Cette version pour piano est de la main même de Poulenc. Moins grandiloquente que la version orchestrale, elle offre une intimité forte avec cette curieuse héroïne pathétique, alors que le pianiste revêt de nombreux rôles: étrange homme-orchestre, commentateur sadique ou apitoyé, maître du jeu, majordome, ou frère de douleur.

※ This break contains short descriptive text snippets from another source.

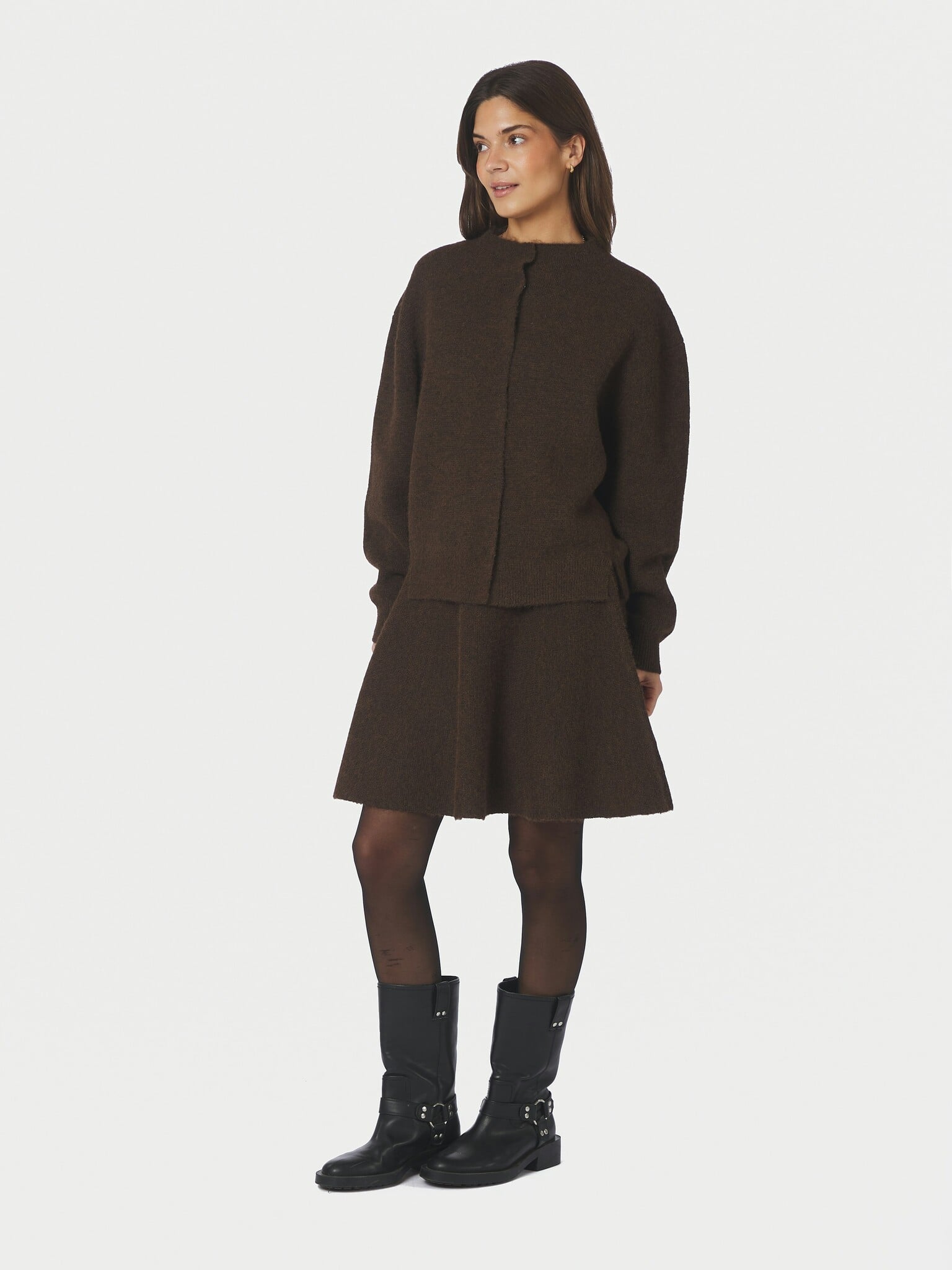 Renata Fluffy Knit Skirt - Brown Melange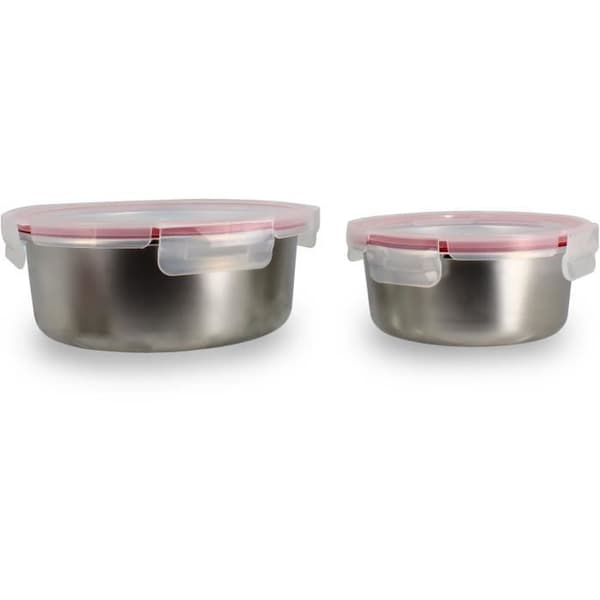 Set med 2 lufttäta behållare med lock - MENASTYL - 5040178 - Rostfritt stål - Rund - 15 och 20 cm - Mikrovågssäker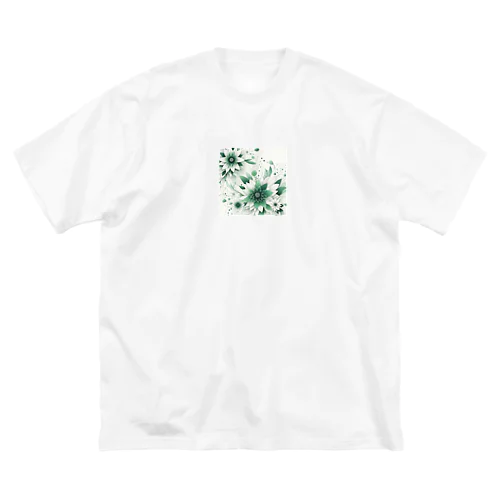 数学的なデザインを持つ緑と白の花 ビッグシルエットTシャツ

Nous avons voulu proposer une version simple, loin des mules à pompons et de la chanteuse en déshabillé de soie qui roule des yeux larmoyants sur son lit de douleur, mus par cette note d’intention de la main de Poulenc au début de la partition: « Le rôle unique de la voix humaine doit être tenu par une femme jeune et élégante. Il ne s’agit pas d’une femme âgée que son amant abandonne ».
Nous avons offert la part belle au rapport entre le pianiste et la jeune-femme chanteuse, choisi que le pianiste soit un acteur du drame, manipulant par la musique et par les divers rôles qu’il prend à dessein : cruel, empathique, moqueur, tendre aussi et parfois surpris par l’hystérie de cette femme chanteuse qui se débat avec son malheur.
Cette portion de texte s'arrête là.